The Basij Organization has another news agency at its disposal, called Basij.
Mizan And Hemayat: The Judiciary And Prisons Organization News Outlets
Mizan News Agency is the official news agency of the judiciary. Its main tasks include responding to criticisms against this institution and to reports about the appalling situation inside Iranian prisons.
The Hemayat newspaper was launched by Iran’s Prisons Organization and is mainly distributed in prisons and at courthouses.
Mashregh: The IRGC Intelligence Organization’s Website
Mashregh News is known as being an affiliate of the Revolutionary Guards’ Intelligence Organization (IRGC-IO) and is seen as its mouthpiece.
Raja: The Website Of Supporters Of Ahmadinejad And Raisi Relative
The website Raja News was founded by Ahmadinejad supporters, but it later supported the Front of Islamic Revolution Stability, often described as Iran’s most right-wing party. Meysam Nili, brother of Raisi’s son-in-law, serves as CEO of this website.
Jahan: Tehran Mayor’s Website
Jahan News is a website affiliated with Tehran Mayor Alireza Zakani, the deputy chairman of the Tehran City Council, Parviz Sarvari, and the Society of Path Seekers of the Islamic Revolution, a principalist political group.
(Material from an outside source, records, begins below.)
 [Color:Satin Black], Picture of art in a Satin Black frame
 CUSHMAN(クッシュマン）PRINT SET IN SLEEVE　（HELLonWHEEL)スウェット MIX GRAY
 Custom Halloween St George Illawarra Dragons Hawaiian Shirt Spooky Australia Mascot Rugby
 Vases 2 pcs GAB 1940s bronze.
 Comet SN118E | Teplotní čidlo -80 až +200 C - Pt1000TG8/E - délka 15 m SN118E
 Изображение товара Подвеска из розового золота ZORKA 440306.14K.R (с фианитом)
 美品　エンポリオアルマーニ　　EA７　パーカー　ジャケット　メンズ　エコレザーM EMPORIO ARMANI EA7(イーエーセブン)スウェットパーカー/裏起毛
Besides Zakani and Sarvari, other political figures such as Faridodin Haddad, brother-in-law of Khamenei’s son Mojtaba, are members of this group.
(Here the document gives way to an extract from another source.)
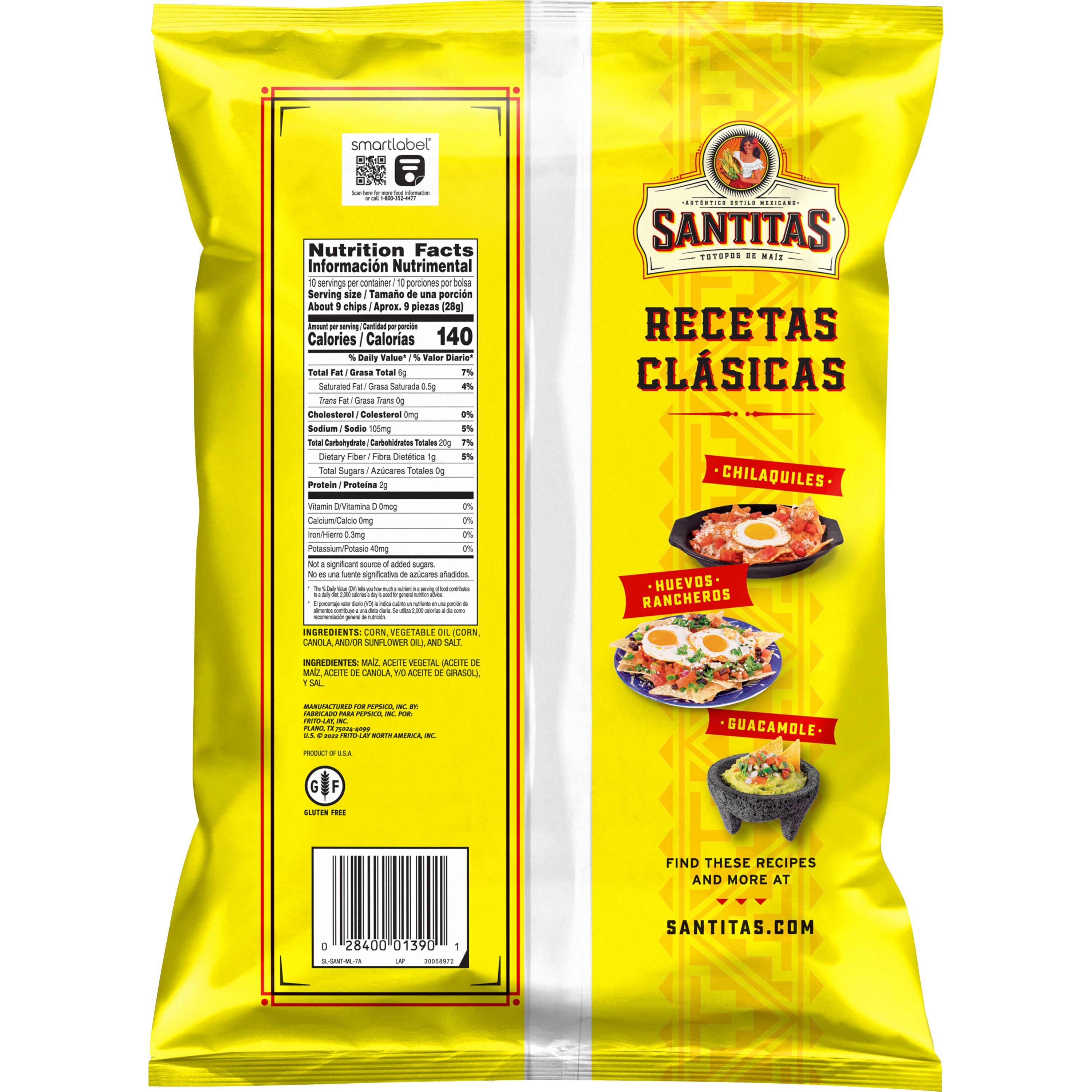 Santitas, Yellow Corn Tortilla Chips thumbnail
Jam-e Jam: A Principalist Newspaper With A Moderate Face
The newspaper Jam-e Jam is affiliated with IRIB. Its first issue came out in 2000 and mostly covered social issues. At the time, it brought in a number of reformist figures to appear moderate to the public, but it has unabashedly become conservative and principalist.
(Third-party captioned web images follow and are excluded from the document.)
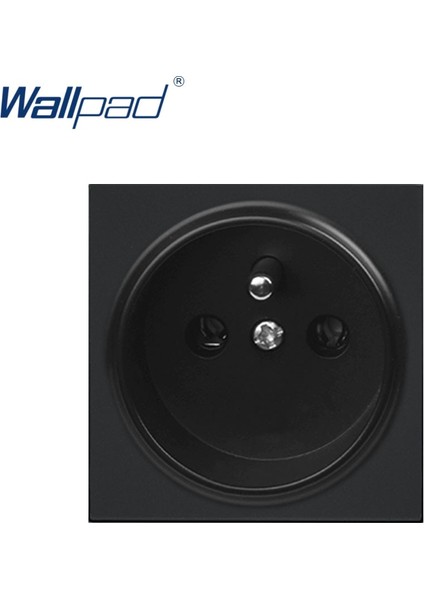 Wallpad Lüks Ab Fransız Soketi Elektrik Çıkışı Fonksiyon Tuşu Duvar Için Beyaz ve Siyah Plastik Modül Sadece (Yurt Dışından) fiyatları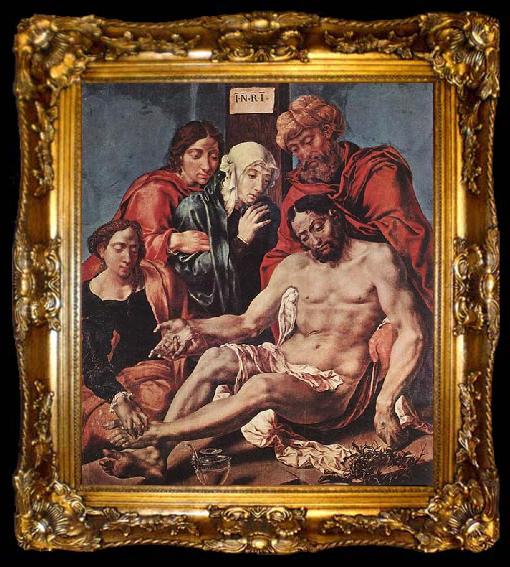 framed  HEEMSKERCK, Maerten van Lamentation of Christ, ta009-2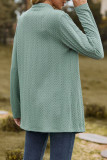 Casual Solid Patchwork V Neck Outerwear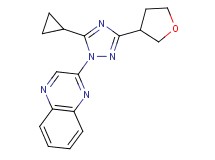 2-[5-cyclopropyl-3-(tetrahydrofuran-3-yl)-1H-1,2,4-triazol-1-yl]quinoxaline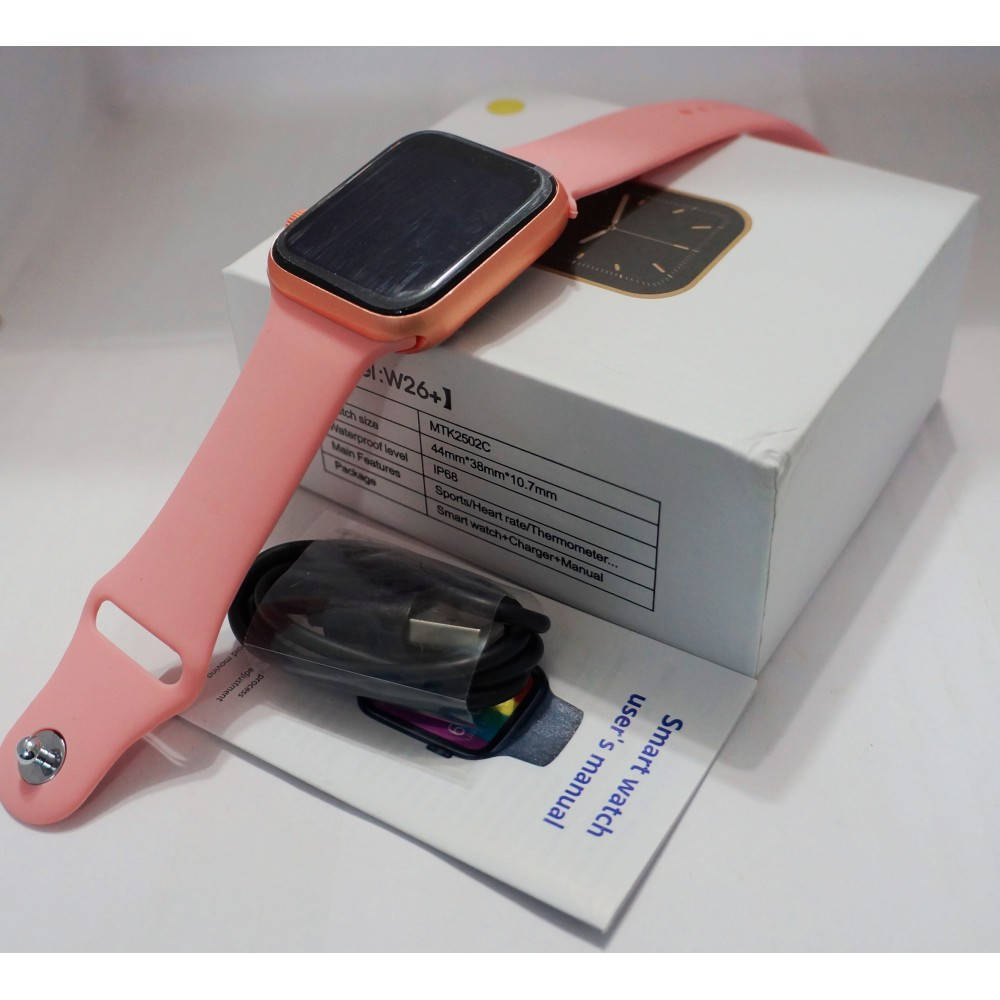 

Смарт-часы Smart Watch W26 / пульсометром / тонометром / термометром / ЭКГ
IRNA And Iran: Drop In Quality
The Islamic Republic News Agency (IRNA) and the newspaper Iran are both published by the Ministry of Culture and Islamic Guidance and, as a result, their orientations change with each administration. With Raisi now in power, the ruling establishment is more homogenized than ever, and their quality has dropped sharply.
Khorasan And Quds: Newspapers For Eastern Provinces
The newspaper Quds is published by Astan Quds Razavi, an organization that manages the Imam Reza shrine in Mashhad and other institutions. The newspaper Khorasan is published by the Khorasan Institute, whose members of the board of directors are appointed by the supreme leader.
These papers are distributed across the country, but their main audience is in the provinces of Razavi Khorasan, North Khorasan and South Khorasan. Quds and Khorasan have a significant Afghan audience because the three provinces border Afghanistan.
Resalat: Traditional Principalists’ Newspaper
During the 1980s and 1990s, Resalat was the main newspaper of the so-called right-wing movement among the supporters of the Islamic Republic. With the marginalization of the right-wing and left-wing movements in recent years, Resalat is no longer taken very seriously on the political scene.
Hamshahri: Drop In Circulation
Hamshahri newspaper is published by the Tehran city government. In the 1990s it had the highest circulation in Iran because of the quality of its reporting on social issues and its advertisement pages. Its popularity dropped after Ahmadinejad and Mohammad Bagher Ghalibaf were elected as Tehran mayors.
Azad University’s Media Outlets
The Islamic Azad University has branches in many cities in Iran, as well as its own media outlets such as the Azad News Agency (ANA) and Iranian Student Correspondent Association (ISCA).
In 2009, Azad University launched the newspaper Farhikhtegan, which supported reformist presidential candidate Mir Hossein Mousavi. However, after the dismissal of the university’s president Abdollah Jassbi in 2012, its media outlets eventually fell under the control of Khamenei supporters.